Davyd also noted that the furlough replacement scheme does not address the specific challenges faced by the live music industry.

“The new job support programme is built around the premise of returning to work, and employers returning to some level of income arising from that work to support those workers,” said Davyd.

“The government has made it clear that it does not believe that the time is right for the live music industry to return to work, and where limited events, under substantial restrictions, are permitted, the income generated is insufficient to meet any of the government targets for employer contributions.
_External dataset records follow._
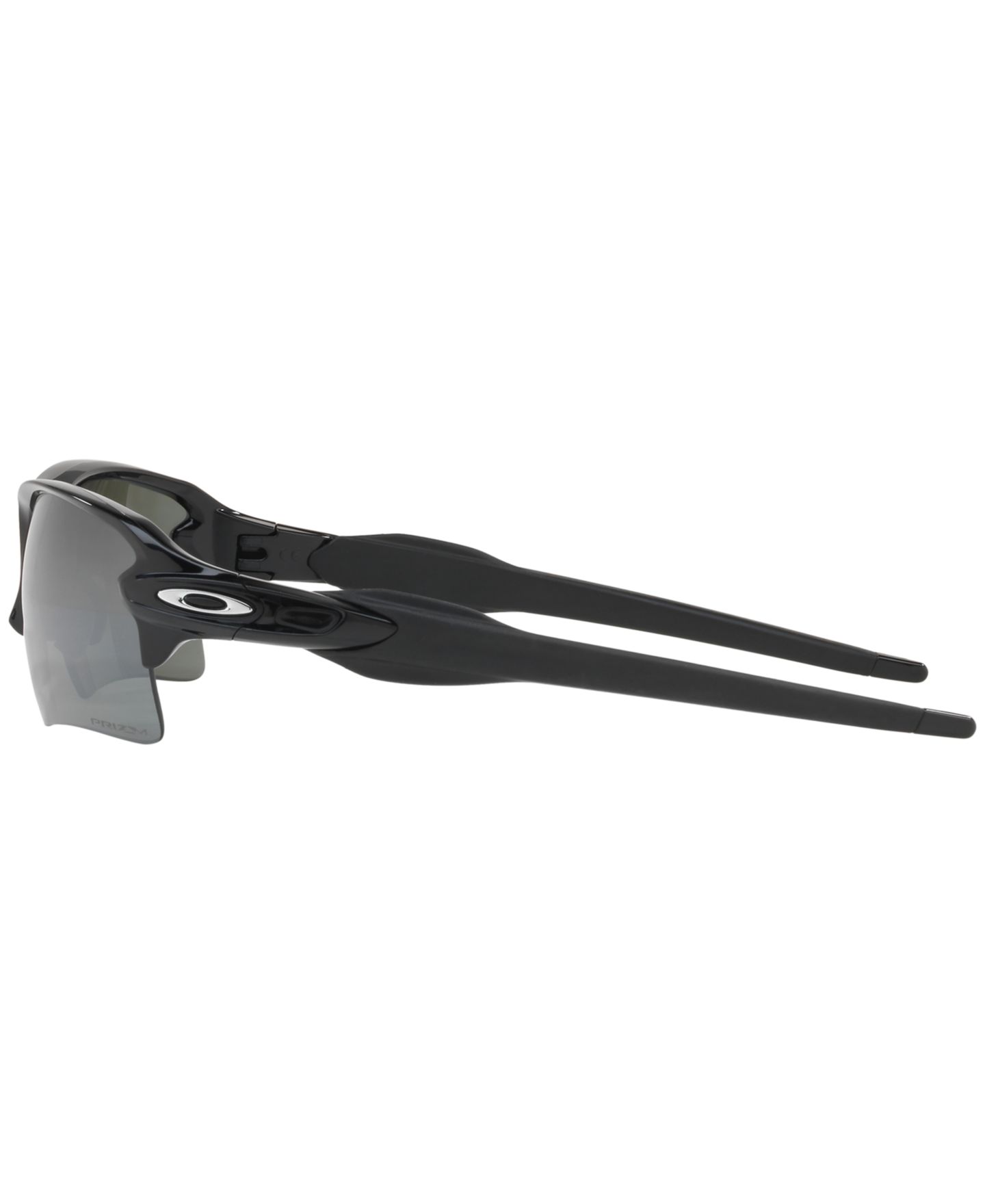 Женские солнцезащитные очки Oakley Polarized Flak 2.0 XL Prizm Polarized Sunglasses, OO9188, цвет: Чёрный — фото 6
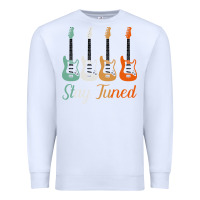 White Bass Guitar Vintage Funny Bass Player Bassist Premium Sweatshirt - Bettercallsaul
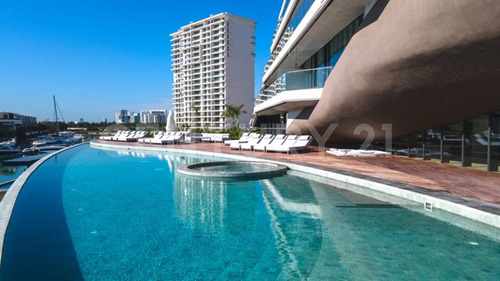 Venta Departamento Y Penthouse En Shark Tower - Puerto Cancun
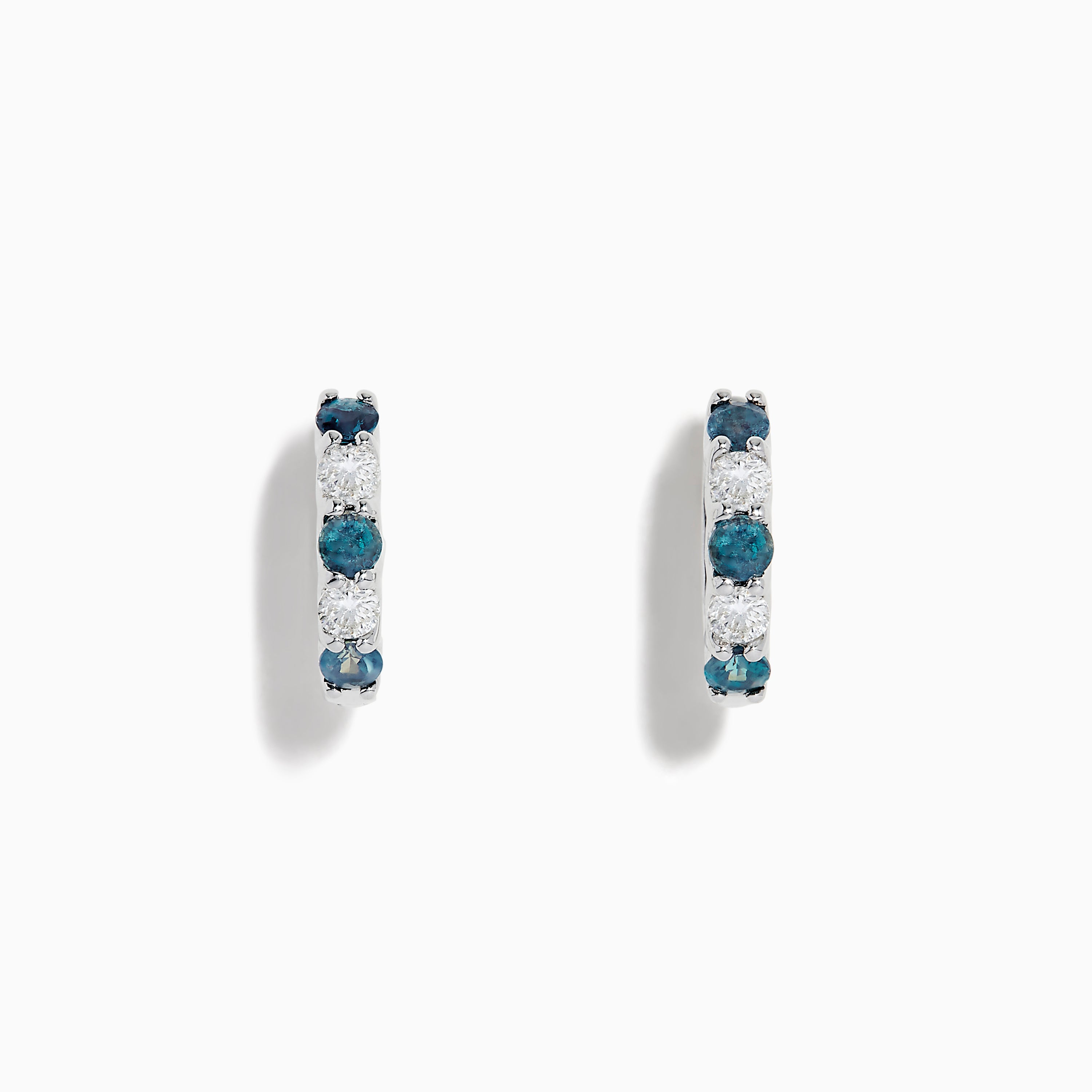 Alexandrite earrings clearance white gold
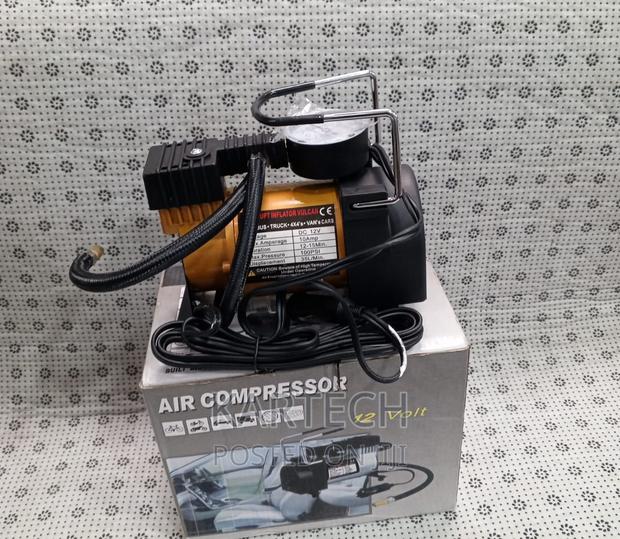 Single Cylinder Air Compressor - main view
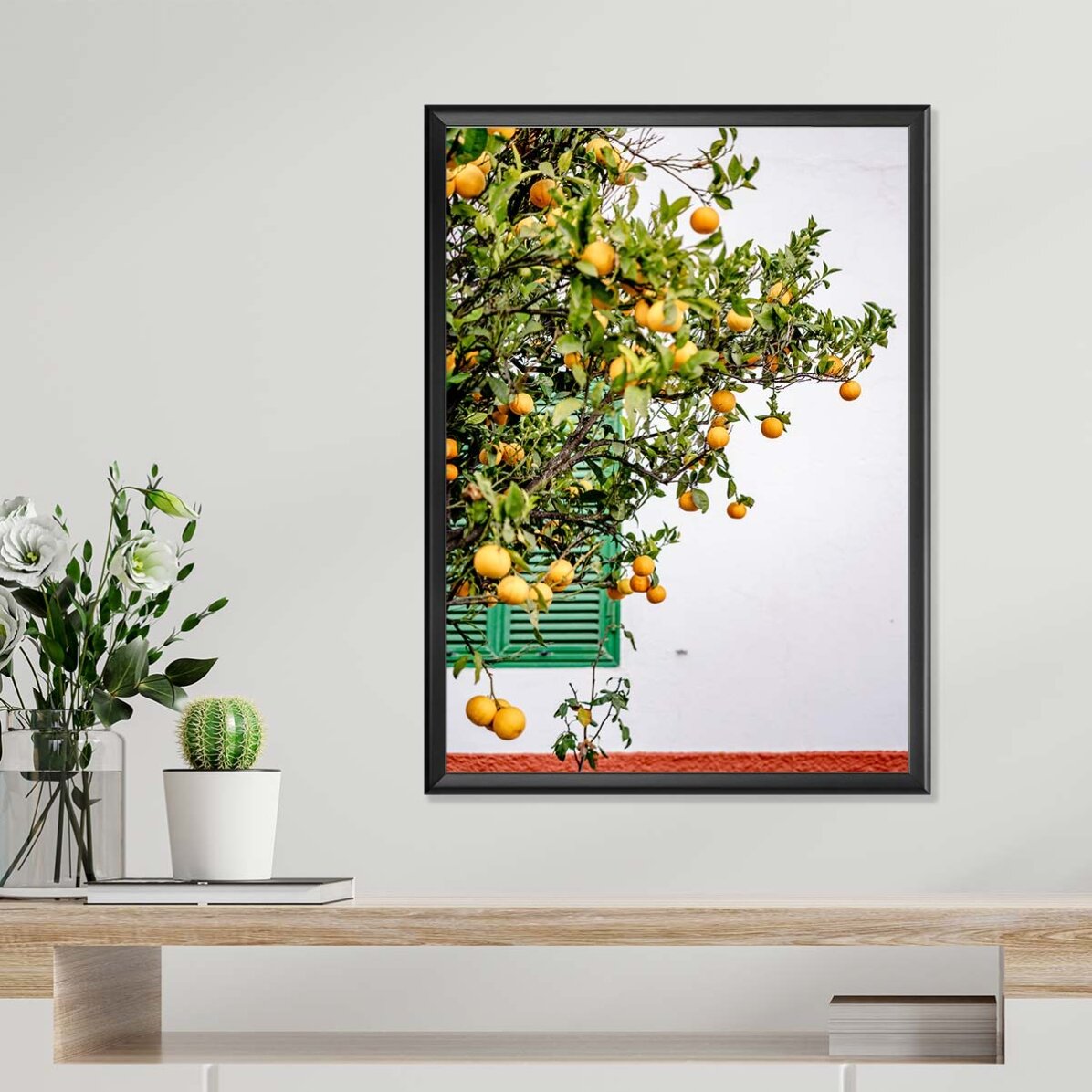 Affiche « Tangerines »
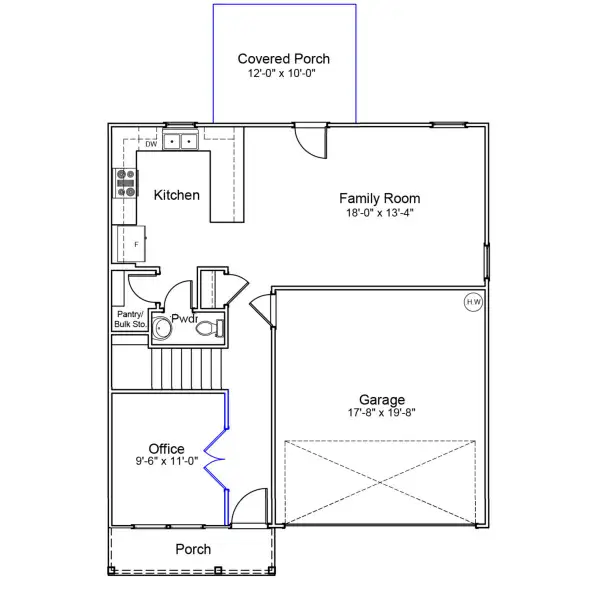 2D floor plan layout of this home in River Tide Farms, Bolivia, NC (Image 2). 2D floor plan layout of this home in River Tide Farms, Bolivia, NC (Image 2).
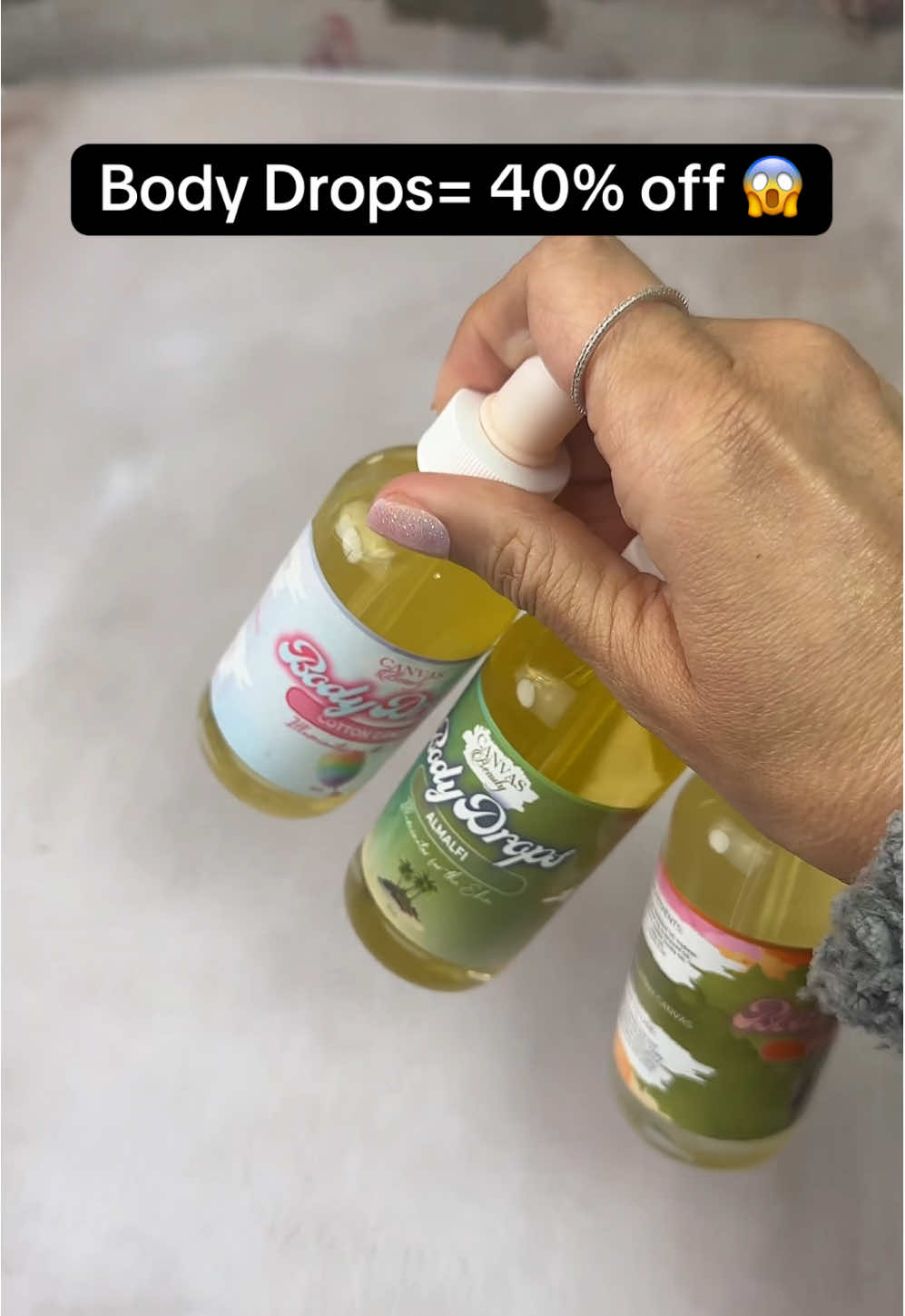 Dry skin girlies, this is your holy grail. #bodyglowup #canvasdropoil #skincaretok #TikTokShopHaul #moisturize Sale date: 9/1/25 canvas body drops canvas beauty oil glowing skin oil body oil for dry skin body oil that smells good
Bluntly, no part of the live music industry is in a position to pay 55% of its employees salaries in order to access the government support which is entirely conditional on doing that.”

Paul Reed, the chief executive of the Associations of Independent Festivals, agreed that many employers will not be in a position to pay 55 per cent of their employees’ salaries to access the support as the sector has not generated any income at all this year

While he welcomed the VAT cut extension, Reed noted that the measures are “not even a band aid for a sector that remains severely wounded.”

He said: “Festivals support 85,000 jobs in the UK and our most recent member surveys suggest redundancies of at least 50.5 per cent across the sector, some of which have unfortunately already taken place. This remains a broad-brush approach, and we urgently need targeted support.

“We are awaiting the outcome of Culture Recovery Fund applications on 5th October and this will determine if the independent festival sector will in fact receive the support that it urgently requires.”

Digital, Culture, Media and Sport (DCMS) committee chair Julian Knight, added: “We welcome this economy-wide intervention from the chancellor. However, it still leaves many hundreds of thousands of workers in events, arts and cultural parts of the economy with a grim future.

“The truth is, three times as many people in these sectors are currently on furlough than the national average, which suggests that the Job Support Scheme may not be able to stop unprecedented redundancies and many organisations from facing extinction.”

Elsewhere, Michael Kill, chief executive at Night Time Industries Association, said the new Jobs Support Scheme is throwing a “much-needed lifeline to hundreds of thousands of workers in the night-time economy,” but adds that more support will be needed.

He said: “We are seeking more clarity about what this announcement means for the majority of businesses in the night-time economy who do not know when, or if, they will be able to reopen their doors. These businesses cannot be allowed to collapse as the diversity and creativity of the UK’s night-time economy will die with them.

“We are also very concerned that the extension of business support loans will result in more painful debt for those already overburdened financially, many of whom are languishing in up to three-quarters of commercial rent debt with no certainty on when this will be due.

“More support will be needed. The majority of our sector is still unable to even open and trade. Night-time economy businesses have been unfairly targeted by the new 10 pm curfew, which we believe has no scientific basis and will prevent businesses from rebuilding the necessary revenue to stay afloat. The government must rethink this curfew and consider further sector-specific support for our industry if it wants to save Britain’s most loved cultural institutions.”

Marie Lindqvist, senior vice-president at ASM Global, called for help from the UK government on LinkedIn following the announcement. The executive said the sector needs to know what the winter looks like with support for short-term work, referring to the German government’s guarantee at the possibility of lay-offs throughout 2021.

She said: “Soon we’ll be going into October. It is still empty in the stands and we are still without a timetable and revenue. From December, we also do not know whether we can count on continued lay-off aid, so-called short-term work. From then on, the event industry risks facing 100-per-cent wage costs and continuing to ban the business.

“If the government is going to run the line now and help us save the jobs, we need to know now what winter looks like for us with support for short-term work. In Germany, the government has already guaranteed the possibility of lay-offs throughout 2021 unless the wheels start spinning again. Our long lead times for bookings mean that we now need to know what we can count on Q1 and Q2 2021. Help us get through this now and save jobs!”

Meanwhile, the WeMakeEvents campaign group, which has staged a series of demonstrations during the shutdown of live events to highlight the damage being done to the industry, has announced it will host another silent protest planned for Tuesday in front of Parliament.